### TO DO:
Lines containing "important" should be pulled from the material below.

-------------------------

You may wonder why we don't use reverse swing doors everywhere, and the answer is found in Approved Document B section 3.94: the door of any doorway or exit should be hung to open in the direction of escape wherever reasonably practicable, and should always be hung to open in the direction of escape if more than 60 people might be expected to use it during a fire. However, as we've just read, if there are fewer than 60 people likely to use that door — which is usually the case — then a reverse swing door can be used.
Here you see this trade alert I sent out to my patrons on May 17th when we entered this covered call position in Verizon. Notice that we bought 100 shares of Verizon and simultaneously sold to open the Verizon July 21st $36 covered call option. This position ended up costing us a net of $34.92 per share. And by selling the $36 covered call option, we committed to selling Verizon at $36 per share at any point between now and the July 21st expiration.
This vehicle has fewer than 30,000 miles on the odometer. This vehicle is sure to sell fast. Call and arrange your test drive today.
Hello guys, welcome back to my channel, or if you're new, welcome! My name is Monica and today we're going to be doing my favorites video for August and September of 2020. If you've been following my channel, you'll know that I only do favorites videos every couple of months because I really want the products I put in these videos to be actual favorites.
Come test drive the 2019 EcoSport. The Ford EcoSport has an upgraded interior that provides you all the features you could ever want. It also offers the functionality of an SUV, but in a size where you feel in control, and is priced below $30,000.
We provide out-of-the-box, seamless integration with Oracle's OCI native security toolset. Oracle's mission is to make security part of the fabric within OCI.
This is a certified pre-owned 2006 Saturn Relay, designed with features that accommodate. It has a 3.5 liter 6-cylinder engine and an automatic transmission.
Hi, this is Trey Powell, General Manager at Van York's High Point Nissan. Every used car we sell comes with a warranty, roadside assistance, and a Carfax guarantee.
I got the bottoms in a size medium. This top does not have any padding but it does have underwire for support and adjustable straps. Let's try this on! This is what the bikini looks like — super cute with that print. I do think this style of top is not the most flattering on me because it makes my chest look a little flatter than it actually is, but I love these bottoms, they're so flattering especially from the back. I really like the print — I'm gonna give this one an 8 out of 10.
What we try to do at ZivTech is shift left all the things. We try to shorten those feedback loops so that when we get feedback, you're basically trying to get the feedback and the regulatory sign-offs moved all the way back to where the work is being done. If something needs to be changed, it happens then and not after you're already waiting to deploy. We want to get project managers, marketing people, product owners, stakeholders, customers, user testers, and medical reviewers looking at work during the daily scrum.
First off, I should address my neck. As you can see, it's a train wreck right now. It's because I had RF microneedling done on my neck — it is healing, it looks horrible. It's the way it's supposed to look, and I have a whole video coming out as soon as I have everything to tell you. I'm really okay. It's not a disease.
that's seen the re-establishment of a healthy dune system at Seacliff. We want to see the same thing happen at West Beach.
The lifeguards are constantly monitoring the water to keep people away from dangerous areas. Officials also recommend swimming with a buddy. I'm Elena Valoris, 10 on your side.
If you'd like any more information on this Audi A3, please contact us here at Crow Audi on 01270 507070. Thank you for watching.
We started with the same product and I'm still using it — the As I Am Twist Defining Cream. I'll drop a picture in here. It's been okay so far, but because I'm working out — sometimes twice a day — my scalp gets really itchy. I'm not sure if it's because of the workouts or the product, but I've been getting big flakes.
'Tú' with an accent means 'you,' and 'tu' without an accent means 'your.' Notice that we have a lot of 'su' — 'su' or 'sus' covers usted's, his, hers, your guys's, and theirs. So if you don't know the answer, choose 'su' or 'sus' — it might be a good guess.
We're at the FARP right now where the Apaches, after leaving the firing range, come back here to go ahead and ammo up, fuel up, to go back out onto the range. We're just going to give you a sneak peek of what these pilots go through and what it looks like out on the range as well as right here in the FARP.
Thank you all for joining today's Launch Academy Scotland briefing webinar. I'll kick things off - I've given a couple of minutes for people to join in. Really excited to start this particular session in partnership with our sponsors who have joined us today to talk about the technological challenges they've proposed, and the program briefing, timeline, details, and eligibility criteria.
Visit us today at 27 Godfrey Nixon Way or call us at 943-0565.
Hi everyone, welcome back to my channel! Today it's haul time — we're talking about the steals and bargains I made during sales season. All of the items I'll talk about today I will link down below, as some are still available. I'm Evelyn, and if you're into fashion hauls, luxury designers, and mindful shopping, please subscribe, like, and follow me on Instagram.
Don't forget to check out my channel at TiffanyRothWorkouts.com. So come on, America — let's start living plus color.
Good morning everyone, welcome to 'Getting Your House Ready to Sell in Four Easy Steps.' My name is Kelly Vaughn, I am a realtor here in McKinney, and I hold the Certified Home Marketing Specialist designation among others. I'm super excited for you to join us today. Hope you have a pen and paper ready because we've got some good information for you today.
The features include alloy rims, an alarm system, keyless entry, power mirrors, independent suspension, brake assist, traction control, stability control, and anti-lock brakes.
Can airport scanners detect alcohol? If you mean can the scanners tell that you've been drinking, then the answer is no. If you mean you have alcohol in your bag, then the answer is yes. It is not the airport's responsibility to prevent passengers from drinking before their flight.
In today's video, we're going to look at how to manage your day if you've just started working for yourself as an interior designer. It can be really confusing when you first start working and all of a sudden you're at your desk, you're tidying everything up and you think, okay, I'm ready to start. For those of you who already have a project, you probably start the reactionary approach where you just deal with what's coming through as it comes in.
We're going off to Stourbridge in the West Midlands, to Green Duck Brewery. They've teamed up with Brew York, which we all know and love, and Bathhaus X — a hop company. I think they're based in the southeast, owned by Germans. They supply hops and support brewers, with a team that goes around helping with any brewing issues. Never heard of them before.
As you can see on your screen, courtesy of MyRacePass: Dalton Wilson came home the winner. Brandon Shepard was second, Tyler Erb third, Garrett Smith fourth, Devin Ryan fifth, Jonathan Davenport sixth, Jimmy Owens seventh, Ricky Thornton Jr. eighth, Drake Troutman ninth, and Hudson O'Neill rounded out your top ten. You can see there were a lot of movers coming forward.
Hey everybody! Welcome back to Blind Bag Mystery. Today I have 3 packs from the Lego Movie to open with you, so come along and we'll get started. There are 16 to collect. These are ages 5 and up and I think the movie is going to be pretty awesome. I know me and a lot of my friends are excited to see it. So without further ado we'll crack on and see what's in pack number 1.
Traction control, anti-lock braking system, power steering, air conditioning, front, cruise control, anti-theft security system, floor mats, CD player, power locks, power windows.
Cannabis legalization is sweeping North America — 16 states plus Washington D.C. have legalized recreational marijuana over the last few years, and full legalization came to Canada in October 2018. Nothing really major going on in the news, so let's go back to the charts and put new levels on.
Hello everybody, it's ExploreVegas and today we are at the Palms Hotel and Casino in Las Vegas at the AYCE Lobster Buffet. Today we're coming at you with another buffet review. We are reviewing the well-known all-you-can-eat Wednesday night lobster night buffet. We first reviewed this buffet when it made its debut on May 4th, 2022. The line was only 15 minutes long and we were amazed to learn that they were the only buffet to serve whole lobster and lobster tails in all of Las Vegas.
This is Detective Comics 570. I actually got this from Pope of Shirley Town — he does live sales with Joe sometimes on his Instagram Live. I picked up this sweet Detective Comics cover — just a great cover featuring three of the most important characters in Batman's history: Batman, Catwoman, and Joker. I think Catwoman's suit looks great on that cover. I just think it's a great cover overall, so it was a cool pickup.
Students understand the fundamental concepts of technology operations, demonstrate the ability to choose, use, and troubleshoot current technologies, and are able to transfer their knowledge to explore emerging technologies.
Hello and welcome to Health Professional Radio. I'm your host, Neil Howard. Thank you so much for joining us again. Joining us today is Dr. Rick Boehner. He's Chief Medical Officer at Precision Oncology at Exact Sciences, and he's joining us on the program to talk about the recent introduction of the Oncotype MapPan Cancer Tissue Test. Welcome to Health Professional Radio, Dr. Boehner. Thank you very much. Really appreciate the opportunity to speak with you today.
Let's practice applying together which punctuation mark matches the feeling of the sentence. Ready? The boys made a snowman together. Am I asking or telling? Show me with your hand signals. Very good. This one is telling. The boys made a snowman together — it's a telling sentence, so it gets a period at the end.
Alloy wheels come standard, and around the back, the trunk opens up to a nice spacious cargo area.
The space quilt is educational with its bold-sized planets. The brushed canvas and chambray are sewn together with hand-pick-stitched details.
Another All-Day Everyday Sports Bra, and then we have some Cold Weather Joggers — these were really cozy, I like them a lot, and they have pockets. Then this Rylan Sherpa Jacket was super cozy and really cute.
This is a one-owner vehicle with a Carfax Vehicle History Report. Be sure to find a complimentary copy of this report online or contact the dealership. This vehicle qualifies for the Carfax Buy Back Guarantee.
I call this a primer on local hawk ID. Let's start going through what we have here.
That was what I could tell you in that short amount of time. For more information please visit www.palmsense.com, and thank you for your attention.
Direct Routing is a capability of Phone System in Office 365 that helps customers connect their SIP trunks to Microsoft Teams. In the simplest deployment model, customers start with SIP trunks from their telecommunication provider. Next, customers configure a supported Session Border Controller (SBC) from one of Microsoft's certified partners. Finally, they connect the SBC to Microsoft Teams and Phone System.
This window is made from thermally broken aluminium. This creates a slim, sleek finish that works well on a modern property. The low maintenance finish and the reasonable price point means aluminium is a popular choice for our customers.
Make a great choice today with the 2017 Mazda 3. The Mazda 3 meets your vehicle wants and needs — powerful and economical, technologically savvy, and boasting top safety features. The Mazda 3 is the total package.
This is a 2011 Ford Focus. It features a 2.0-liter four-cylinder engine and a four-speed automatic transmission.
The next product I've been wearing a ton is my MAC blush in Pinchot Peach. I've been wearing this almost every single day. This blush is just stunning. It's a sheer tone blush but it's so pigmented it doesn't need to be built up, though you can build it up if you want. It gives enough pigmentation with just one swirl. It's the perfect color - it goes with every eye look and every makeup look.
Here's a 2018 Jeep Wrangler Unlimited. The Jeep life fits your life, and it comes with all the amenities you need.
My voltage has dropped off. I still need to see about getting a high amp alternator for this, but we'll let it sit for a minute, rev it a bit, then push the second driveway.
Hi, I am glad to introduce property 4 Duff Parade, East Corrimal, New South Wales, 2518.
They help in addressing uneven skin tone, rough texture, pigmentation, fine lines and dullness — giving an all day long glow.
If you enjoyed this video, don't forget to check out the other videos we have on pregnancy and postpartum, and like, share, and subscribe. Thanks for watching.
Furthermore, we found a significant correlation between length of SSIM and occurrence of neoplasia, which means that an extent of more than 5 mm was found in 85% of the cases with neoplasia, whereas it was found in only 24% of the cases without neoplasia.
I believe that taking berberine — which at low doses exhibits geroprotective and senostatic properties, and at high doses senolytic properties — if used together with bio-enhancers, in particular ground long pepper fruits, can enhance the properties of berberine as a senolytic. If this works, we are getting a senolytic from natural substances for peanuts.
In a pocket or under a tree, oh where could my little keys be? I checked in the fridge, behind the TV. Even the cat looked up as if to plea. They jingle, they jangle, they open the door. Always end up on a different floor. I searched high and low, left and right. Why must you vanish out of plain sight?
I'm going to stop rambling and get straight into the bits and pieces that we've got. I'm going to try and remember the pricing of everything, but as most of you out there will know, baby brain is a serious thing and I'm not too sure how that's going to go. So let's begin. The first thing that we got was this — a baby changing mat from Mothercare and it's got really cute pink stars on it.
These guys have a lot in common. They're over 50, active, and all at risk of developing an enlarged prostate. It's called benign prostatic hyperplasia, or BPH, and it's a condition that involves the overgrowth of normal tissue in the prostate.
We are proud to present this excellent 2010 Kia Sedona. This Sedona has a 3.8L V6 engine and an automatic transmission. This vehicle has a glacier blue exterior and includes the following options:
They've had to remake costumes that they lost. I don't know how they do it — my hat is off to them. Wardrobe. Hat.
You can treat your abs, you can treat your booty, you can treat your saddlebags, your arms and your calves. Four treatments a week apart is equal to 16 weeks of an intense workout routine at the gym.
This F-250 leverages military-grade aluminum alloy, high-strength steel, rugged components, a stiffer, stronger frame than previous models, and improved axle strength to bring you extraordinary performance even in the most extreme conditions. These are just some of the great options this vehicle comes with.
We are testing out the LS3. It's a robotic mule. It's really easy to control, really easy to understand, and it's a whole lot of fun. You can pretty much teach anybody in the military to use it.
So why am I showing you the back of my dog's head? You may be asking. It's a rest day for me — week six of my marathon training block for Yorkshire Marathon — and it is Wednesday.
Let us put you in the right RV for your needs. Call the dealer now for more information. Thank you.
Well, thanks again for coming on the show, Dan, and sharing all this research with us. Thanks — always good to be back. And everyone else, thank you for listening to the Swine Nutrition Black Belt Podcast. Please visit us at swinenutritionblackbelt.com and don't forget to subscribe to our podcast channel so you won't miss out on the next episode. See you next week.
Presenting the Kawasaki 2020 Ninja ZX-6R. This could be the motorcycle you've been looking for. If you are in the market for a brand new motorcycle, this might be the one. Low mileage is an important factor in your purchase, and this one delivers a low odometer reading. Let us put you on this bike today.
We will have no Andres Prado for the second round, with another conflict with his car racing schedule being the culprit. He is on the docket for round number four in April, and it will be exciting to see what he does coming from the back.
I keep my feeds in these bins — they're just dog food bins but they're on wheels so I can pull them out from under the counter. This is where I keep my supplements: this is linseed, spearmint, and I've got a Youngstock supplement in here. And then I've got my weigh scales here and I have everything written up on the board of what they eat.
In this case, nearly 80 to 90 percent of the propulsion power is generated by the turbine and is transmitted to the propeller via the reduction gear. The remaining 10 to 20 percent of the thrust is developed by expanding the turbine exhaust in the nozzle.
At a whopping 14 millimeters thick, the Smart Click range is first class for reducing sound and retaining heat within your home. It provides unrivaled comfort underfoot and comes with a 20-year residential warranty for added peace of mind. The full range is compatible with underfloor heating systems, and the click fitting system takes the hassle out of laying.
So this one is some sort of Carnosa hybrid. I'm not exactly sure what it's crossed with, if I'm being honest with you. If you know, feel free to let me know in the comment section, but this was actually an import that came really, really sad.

-------------------------

### RESULT:
This is Detective Comics 570. I actually got this from Pope of Shirley Town — he does live sales with Joe sometimes on his Instagram Live. I picked up this sweet Detective Comics cover — just a great cover featuring three of the most important characters in Batman's history: Batman, Catwoman, and Joker. I think Catwoman's suit looks great on that cover. I just think it's a great cover overall, so it was a cool pickup.
Presenting the Kawasaki 2020 Ninja ZX-6R. This could be the motorcycle you've been looking for. If you are in the market for a brand new motorcycle, this might be the one. Low mileage is an important factor in your purchase, and this one delivers a low odometer reading. Let us put you on this bike today.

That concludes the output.